The thickening agent used is sold by RHODIA under the name “RHODOPOL 23”, and it is mixed in the powdered state with the other constituents of this lubricating composition. The mixing is carried out at ambient temperature, owing to the fact that this thickening agent is soluble in water.

In the case of using a non-aqueous lubricating agent for the lubricating composition according to the invention (that is to say, a lubricating agent consisting of pure glycerine), it will be noted that this thickening agent must be mixed “in the hot state” with the other non-aqueous constituents, in order to dissolve it in glycerine. More precisely, the mixture must be stirred for approximately 15 min. at a temperature close to 70° C.

The surfactant used is sold by SIDOBRE SINNOVA under the name “SINNOZAN NS 30”.

Furthermore, this composition has a viscosity of 140,000 centipoise (measured by the “BROOKFIELD” technique by means of a “LV4” spindle rotating at a speed of 3 rpm).

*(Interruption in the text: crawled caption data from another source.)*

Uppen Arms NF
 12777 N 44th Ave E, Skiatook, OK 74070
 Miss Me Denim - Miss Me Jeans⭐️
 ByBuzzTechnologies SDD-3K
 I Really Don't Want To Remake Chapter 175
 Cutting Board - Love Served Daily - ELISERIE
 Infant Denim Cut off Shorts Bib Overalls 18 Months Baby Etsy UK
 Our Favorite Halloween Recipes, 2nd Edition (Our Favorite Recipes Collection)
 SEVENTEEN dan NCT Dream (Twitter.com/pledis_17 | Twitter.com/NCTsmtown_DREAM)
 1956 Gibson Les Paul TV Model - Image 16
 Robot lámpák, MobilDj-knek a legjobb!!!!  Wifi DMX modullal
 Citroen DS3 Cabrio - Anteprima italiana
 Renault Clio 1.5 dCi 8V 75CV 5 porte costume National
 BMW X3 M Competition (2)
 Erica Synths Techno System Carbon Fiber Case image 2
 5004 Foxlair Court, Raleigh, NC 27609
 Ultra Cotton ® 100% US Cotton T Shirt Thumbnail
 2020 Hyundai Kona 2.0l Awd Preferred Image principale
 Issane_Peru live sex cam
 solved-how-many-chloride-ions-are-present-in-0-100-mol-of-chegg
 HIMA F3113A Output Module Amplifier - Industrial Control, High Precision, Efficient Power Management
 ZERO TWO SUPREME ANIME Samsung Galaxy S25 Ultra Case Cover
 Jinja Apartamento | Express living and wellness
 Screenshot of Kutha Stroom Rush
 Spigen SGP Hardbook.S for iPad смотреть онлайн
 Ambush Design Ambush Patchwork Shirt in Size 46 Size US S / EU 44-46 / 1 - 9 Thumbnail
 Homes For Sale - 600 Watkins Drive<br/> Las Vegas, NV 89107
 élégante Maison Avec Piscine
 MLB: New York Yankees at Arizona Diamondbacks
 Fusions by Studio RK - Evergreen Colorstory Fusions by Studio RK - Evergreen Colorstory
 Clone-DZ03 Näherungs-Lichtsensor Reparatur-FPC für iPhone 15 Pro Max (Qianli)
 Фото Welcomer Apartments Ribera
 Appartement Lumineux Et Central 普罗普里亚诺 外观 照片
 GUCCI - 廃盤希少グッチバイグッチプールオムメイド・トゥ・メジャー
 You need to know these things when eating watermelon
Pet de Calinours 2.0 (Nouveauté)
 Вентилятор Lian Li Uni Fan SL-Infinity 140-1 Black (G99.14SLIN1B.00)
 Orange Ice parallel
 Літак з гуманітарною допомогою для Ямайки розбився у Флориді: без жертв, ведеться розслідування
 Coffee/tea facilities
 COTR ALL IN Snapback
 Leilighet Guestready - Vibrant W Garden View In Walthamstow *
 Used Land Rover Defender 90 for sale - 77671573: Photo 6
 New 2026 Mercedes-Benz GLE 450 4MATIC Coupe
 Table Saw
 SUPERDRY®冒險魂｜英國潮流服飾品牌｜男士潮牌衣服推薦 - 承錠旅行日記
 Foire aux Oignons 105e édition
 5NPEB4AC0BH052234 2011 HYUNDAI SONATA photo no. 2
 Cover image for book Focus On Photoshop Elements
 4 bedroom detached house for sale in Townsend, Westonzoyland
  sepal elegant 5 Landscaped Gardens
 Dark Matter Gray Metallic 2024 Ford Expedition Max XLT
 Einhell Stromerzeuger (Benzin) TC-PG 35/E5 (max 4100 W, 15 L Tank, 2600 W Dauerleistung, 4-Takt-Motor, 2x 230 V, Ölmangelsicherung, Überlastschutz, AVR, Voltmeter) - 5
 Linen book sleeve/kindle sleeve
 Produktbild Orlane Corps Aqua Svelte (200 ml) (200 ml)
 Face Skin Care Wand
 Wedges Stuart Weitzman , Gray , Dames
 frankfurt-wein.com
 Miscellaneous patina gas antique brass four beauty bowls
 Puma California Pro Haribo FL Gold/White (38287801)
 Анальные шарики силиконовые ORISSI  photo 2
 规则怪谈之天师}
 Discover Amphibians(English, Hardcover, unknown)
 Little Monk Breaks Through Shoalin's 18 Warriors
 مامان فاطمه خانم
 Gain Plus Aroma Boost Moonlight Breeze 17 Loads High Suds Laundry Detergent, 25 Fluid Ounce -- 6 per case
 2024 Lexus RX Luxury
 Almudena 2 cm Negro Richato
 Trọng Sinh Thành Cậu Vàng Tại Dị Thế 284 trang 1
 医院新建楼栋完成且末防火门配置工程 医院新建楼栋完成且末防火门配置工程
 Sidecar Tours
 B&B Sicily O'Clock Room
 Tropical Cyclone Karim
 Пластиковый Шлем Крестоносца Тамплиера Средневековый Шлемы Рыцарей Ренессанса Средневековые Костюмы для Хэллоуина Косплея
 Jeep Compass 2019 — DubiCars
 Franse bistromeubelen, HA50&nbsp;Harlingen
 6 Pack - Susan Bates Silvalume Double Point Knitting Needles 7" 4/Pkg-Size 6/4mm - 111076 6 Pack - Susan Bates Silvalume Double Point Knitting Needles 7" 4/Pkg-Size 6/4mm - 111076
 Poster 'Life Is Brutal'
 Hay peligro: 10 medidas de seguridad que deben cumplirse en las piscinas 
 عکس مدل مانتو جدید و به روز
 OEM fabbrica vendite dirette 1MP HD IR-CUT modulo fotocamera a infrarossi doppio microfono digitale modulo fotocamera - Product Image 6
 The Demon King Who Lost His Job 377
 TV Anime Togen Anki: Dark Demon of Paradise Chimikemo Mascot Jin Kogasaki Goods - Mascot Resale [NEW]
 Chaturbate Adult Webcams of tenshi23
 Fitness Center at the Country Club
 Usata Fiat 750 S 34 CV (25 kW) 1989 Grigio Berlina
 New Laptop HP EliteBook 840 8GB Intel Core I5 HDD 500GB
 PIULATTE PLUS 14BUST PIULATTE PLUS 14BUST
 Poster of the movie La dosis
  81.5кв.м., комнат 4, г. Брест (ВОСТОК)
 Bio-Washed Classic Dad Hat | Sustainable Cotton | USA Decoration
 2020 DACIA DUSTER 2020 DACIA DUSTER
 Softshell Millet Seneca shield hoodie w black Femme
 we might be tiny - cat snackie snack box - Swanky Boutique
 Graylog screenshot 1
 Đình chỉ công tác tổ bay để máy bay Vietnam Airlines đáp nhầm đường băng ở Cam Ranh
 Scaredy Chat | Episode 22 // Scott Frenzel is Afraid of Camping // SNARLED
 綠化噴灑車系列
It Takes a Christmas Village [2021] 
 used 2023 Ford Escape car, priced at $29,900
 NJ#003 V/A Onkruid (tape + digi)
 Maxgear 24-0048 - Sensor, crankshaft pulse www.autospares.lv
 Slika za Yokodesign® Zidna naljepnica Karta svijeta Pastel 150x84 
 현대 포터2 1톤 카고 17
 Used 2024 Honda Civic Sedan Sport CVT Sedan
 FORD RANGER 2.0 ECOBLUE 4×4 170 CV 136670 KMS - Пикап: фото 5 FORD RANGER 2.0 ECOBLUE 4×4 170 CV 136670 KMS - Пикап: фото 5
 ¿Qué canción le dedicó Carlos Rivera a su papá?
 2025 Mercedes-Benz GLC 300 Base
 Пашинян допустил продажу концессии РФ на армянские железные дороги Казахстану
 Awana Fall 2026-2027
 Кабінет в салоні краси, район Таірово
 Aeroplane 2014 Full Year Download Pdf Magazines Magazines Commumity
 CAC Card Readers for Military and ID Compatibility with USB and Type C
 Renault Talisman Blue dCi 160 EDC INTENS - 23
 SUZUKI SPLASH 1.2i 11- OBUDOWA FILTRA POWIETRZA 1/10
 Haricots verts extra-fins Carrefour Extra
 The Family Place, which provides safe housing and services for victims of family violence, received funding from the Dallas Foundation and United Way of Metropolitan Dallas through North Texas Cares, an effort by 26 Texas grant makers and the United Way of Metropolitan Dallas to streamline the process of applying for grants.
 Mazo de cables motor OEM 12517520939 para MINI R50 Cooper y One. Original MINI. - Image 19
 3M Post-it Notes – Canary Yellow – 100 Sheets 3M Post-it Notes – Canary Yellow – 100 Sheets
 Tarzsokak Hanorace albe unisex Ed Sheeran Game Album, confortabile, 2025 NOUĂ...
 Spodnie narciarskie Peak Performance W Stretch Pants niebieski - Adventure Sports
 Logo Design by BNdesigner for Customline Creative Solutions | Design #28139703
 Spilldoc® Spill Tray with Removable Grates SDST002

A lubricating composition according to a second example of embodiment of the invention contains the same constituents as the first composition mentioned above, but its formulation is as follows:

(the mass fraction of each constituent in the composition is given in %).

		Glycerine	78.5%.
*Lubricating agent	{open oversize bracket}
		Water	19.6%.
*Thickening agent:		Polysaccharide (xanthan gum)	1.8%.
*Surfactant:		Sodium alkyl aryl sulphonate	0.1%.

Furthermore, this composition has a viscosity of 110,000 centipoise (measured by the “BROOKFIELD” technique and the aforementioned apparatus).

A lubricating composition which is not in accordance with the present invention has the following formulation:

(the mass fraction of each constituent in the composition is given in %).

		Ethylene glycol	87.6%.
*Lubricating agent:	{open oversize bracket}
		Water	9.8%.
*Thickening agent:		Polysaccharide (xanthan gum)	2.5%.
*Surfactant:		Sodium alkyl aryl sulphonate	0.1%.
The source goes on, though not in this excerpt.